In addition, you don't want to get too fancy in your design. Microsoft Word and Text files (saved as a .doc or .docx or .txt ) are best, although you can save as a PDF file if that's all you have available. Do not add graphics, or page headers and footers. A simple layout is best. You want to impress with your experience and abilities rather than the appearance of your CV - although obviously it should look neat and tidy and be easily understood.

Writing a great CV is essential during your job search. Your CV is often the only opportunity you have to make an impression on a prospective employer when job hunting. It can make or break your chances of securing your next role, especially when there are large volumes of applicants for each job. Here are some additional tips on how to write a successful CV:

Download our basic CV template 

What must your CV include?

Personal details and contact information

Make sure you clearly state your name, email address, telephone number and home address. Also provide a link to your LinkedIn profile if you're keeping it up to date.

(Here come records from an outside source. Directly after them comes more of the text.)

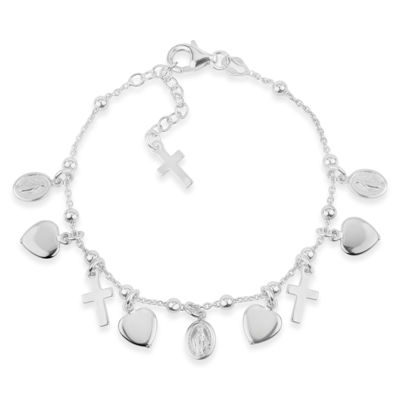 Made in Italy Womens Sterling Silver Charm Bracelet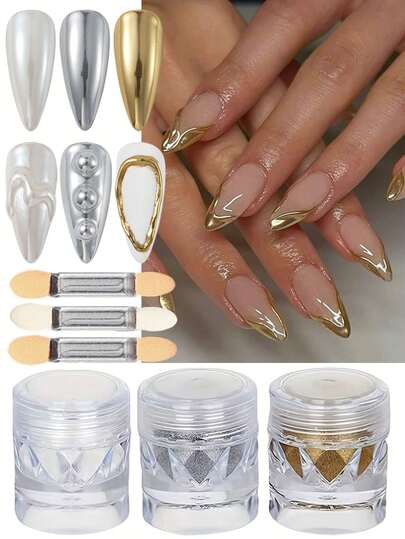 Y2K Mirror Chrome Glitter Nail Powder With Brush, Metallic Magic Mirror Effect Dip Powder Nail Polish, White, Pearl Gold, Silver, Apply On Nail Stickers, Nail Art Supplies
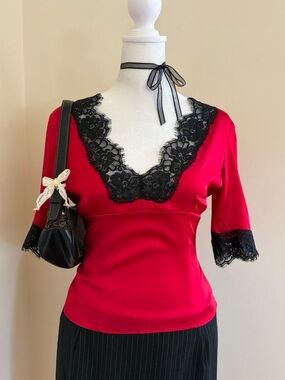 Vintage Y2K silk lace blouse top vamp goth moda international red black 90s S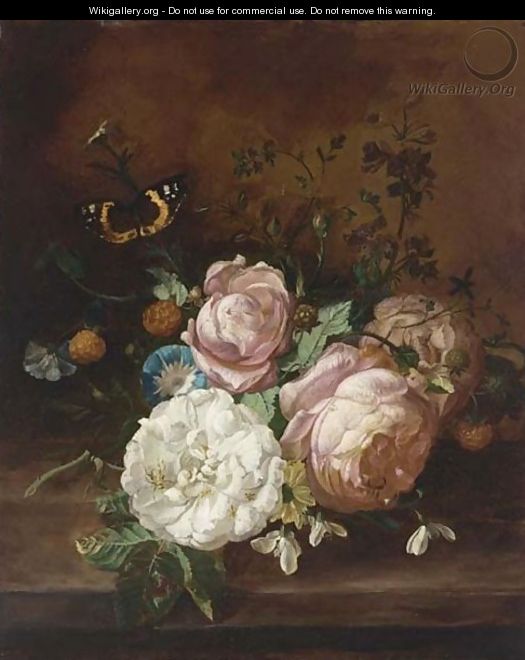 A Still Life With Roses, Morning Glory, Lily-of-the-vally, And Other - Rachel Ruysch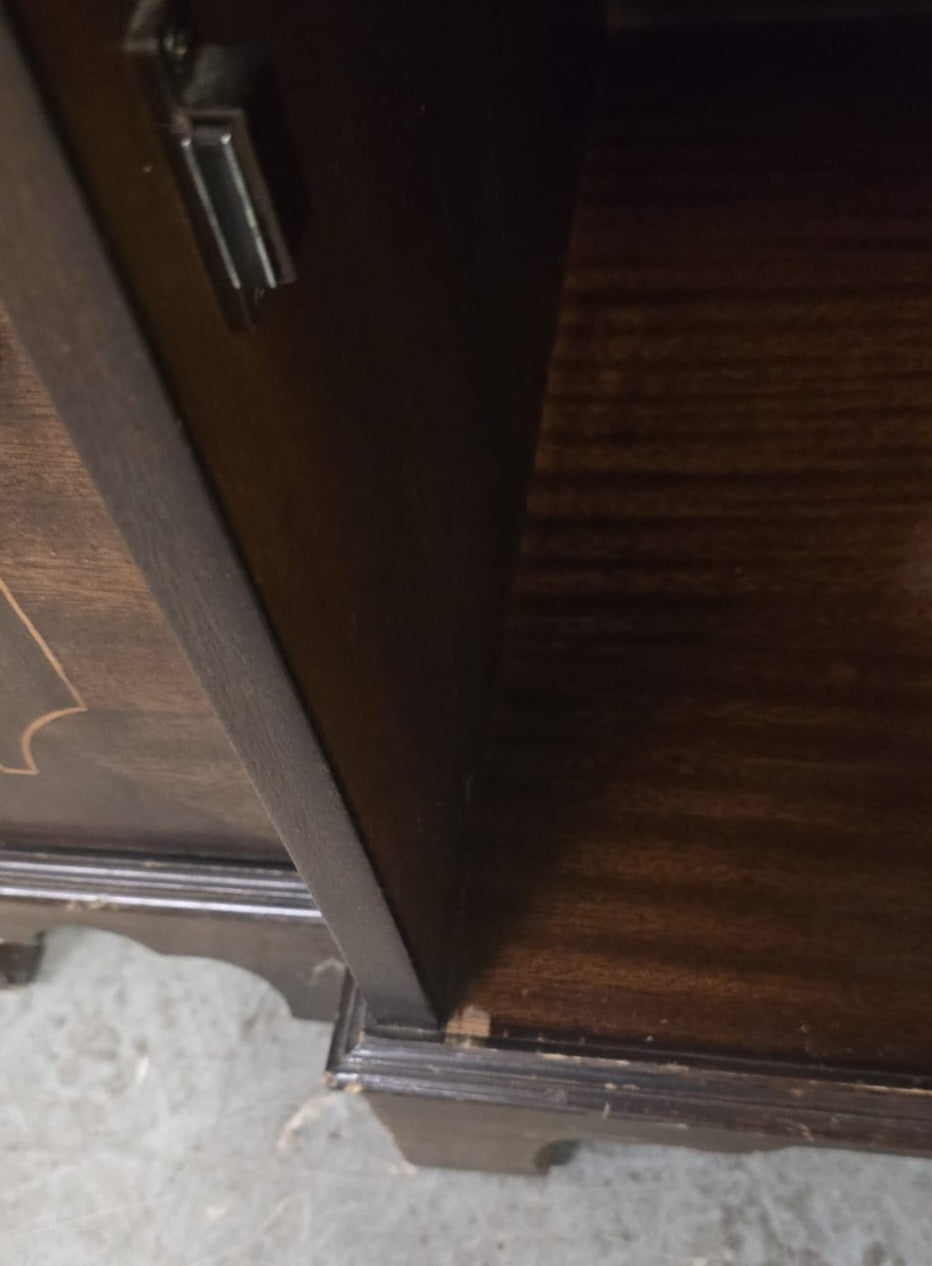 Vintage Mahogany Cabinet with 3 Doors and Open Top - 140925-04
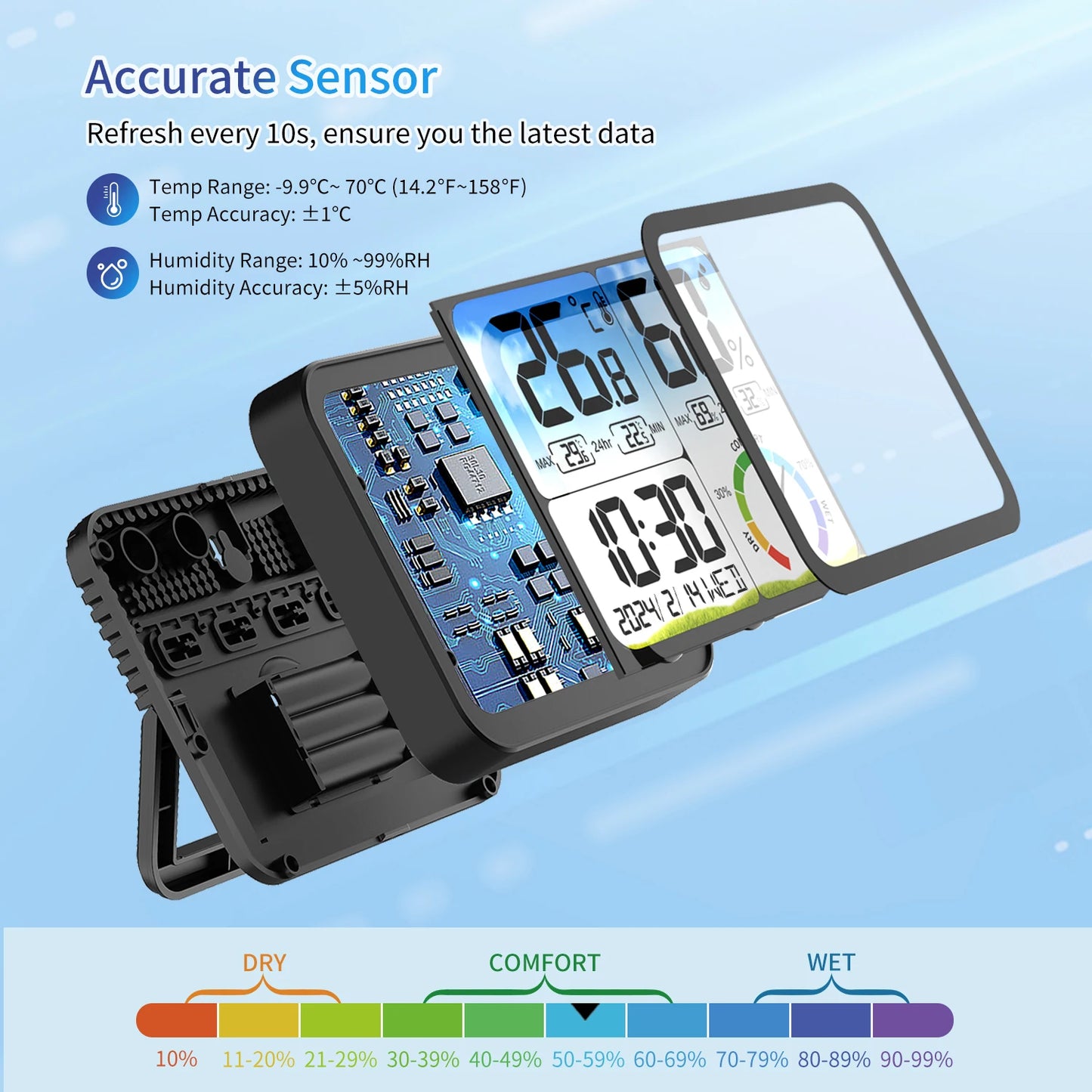 Weather Station Colorful Large Temperature Humidity Meter Home Thermometer Hygrometer Indoor Temperature And Humidity Metor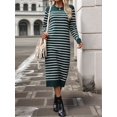 thumbnail image 4 of Long Sweater Dress for Women Loose Knitwear Striped Long Dresses Stylish Autumn and Winter Outfits Green L, 4 of 9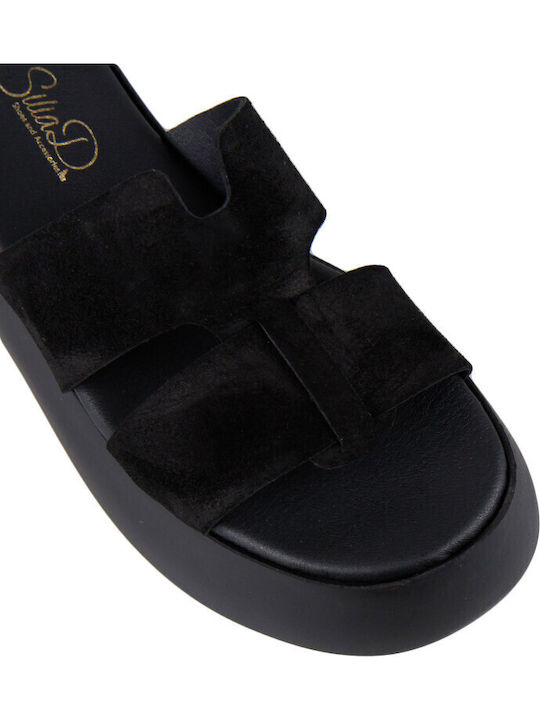 Кожени Дамски Сандали Flatforms Черни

Education and qualifications

List your qualifications, including the year and the grade you received. List any training that you’ve completed while looking for work or in previous employment.

Work experience

Start your list with the most recent role first. Include the job title, employer, dates in the job role , your responsibilities and your achievements in the role, if appropriate. The prospective employer would like to see the experience you have gained in previous roles to see if you are qualified for the new role. There's no need to include work history that's over 10 years old if it will make your CV too long.


This is a perfect opportunity to sell your skills to the employer. List all relevant skills to the job in question and how you could apply these to the new role. Use skill keywords to get the recruiter to notice you. Remember to highlight specific skills that were identified in the job advertisement or description. 

Interests and achievements

Use this section to tell the employer a bit about yourself and include any personal achievements that you feel could be of benefit to your new role.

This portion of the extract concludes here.